Solve $ 3{x^2} - 5x + 2 = 0 $ by completing the square method?

Answer 1

Hint: This method is always used for solving quadratic equations. In this method We first make the coefficient of $ {x^2} $ as 1 by dividing the complete equation by coefficient of $ {x^2} $ then add the square of half of the coefficient of ‘x’ on both the side of the equation. After that we shift the constant term on the right side of the equation then we simplify the left side of the equation by using some algebraic identity and solve the right side of the equation by taking LCM then by taking the square root on both sides we get the required roots.

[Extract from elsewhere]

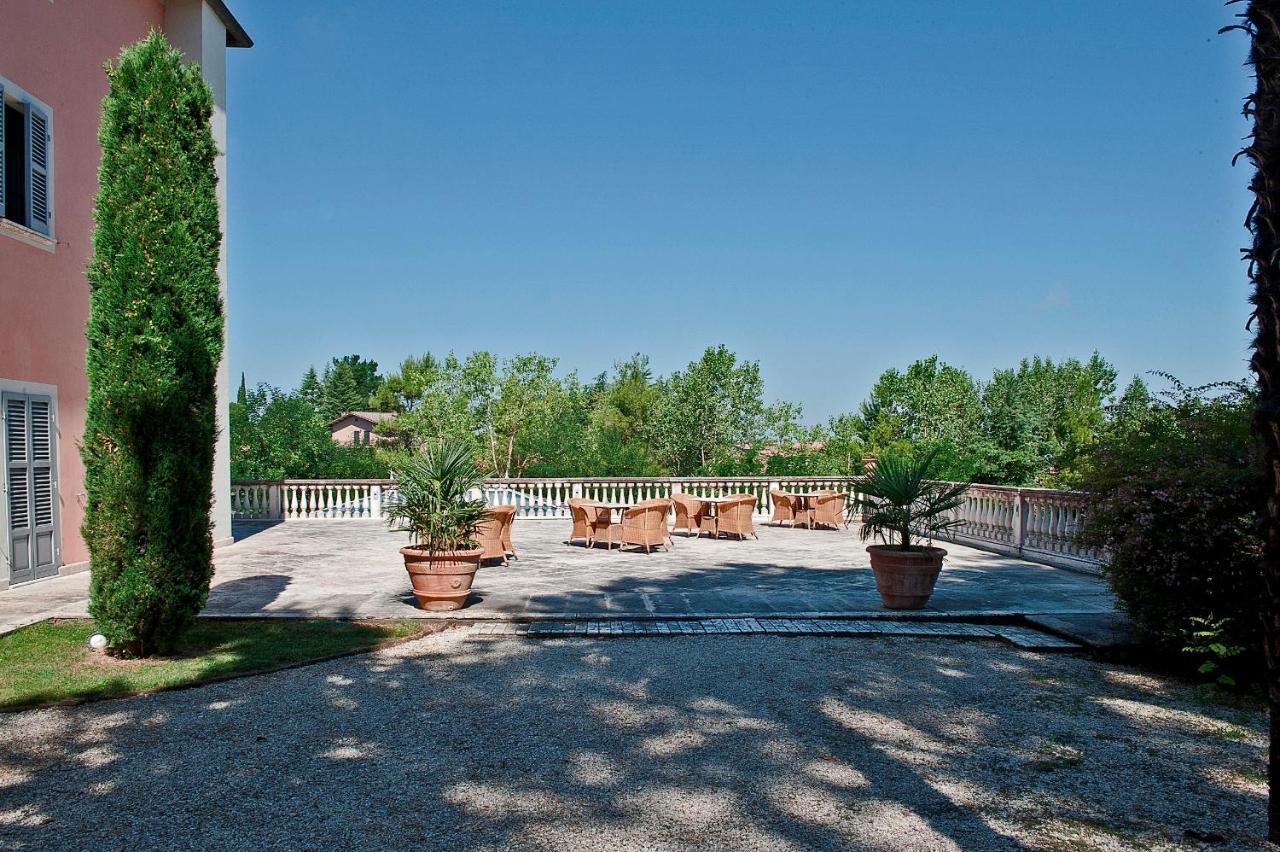 Logge Del Perugino; Sure Hotel Collection By Best Western Città della Pieve Udogodnienia zdjęcie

Complete step-by-step answer:
Given quadratic equation $ 3{x^2} - 5x + 2 = 0 $
For making the coefficient of $ {x^2} $ as 1 we divide the whole equation by 3
 $ $ \[{x^2} - \dfrac{5}{3}x + \dfrac{2}{3} = 0\]
Then we shift the constant term $ \dfrac{2}{3} $ on the right side of equation
\[{x^2} - \dfrac{5}{3}x = - \dfrac{2}{3}\] ------- $ \left( 1 \right) $
Now the coefficient of ‘x’ is $ - \dfrac{5}{3} $ .for getting the half of $ - \dfrac{5}{3} $ we multiply it by $ \dfrac{1}{2} $ then we square it $ $
\[{\left( { - \dfrac{5}{3} \times \dfrac{1}{2}} \right)^2} = {\left( { - \dfrac{5}{6}} \right)^2} = \dfrac{{25}}{{36}}\]
Now we need to add $ \dfrac{{25}}{{36}} $ on both side of equation (1)
\[{x^2} - \dfrac{5}{3}x + \dfrac{{25}}{{36}} = - \dfrac{2}{3} + \dfrac{{25}}{{36}}\]
By comparing the left side of the equation with algebraic identity $ {\left( {a - b} \right)^2} = {a^2} - 2ab + {b^2} $
We get $ a = x $ and $ b = \dfrac{5}{6} $ also solve the right side of the equation by taking 36 as LCM of 3 and 36.
 $ {\left( {x - \dfrac{5}{6}} \right)^2} = \dfrac{{ - 24 + 25}}{{36}} $
 $ \Rightarrow {\left( {x - \dfrac{5}{6}} \right)^2} = \dfrac{1}{{36}} $
Now by taking square root on both on both side of the equation
 $ \Rightarrow x - \dfrac{5}{6} = \pm \sqrt {\dfrac{1}{{36}}} $
Since the square root of $ \dfrac{1}{{36}} $ is $ \dfrac{1}{6} $ then above equation can written as
 $ \Rightarrow x - \dfrac{5}{6} = \pm \dfrac{1}{6} $ --------- $ \left( 2 \right) $
For getting two roots of given equation
Taking \[ + \]sign on right side of equation $ \left( 2 \right) $
 $ \Rightarrow x - \dfrac{5}{6} = \dfrac{1}{6} $
Now we shift $ \dfrac{5}{6} $ on the right side of the equation then we get
 $ \Rightarrow x = \dfrac{1}{6} + \dfrac{5}{6} $
By taking 6 as LCM we get
 $
   \Rightarrow x = \dfrac{{1 + 5}}{6} \\
   \Rightarrow x = \dfrac{6}{6} \\
   \Rightarrow x = 1 \;
  $
Taking -sign on right side of equation $ \left( 2 \right) $
 $ \Rightarrow x - \dfrac{5}{6} = - \dfrac{1}{6} $
Now we shift $ \dfrac{5}{6} $ on the right side of the equation then we get
 $ \Rightarrow x = - \dfrac{1}{6} + \dfrac{5}{6} $
By taking 6 as LCM we get
 $
   \Rightarrow x = \dfrac{{ - 1 + 5}}{6} \\
   \Rightarrow x = \dfrac{4}{6} \\
   \Rightarrow x = \dfrac{2}{3} \;
  $
Hence $ x = 1 $ and $ x = \dfrac{2}{3} $ are the required roots of the given equation.
So, the correct answer is “$ x = 1 $ and $ x = \dfrac{2}{3} $”.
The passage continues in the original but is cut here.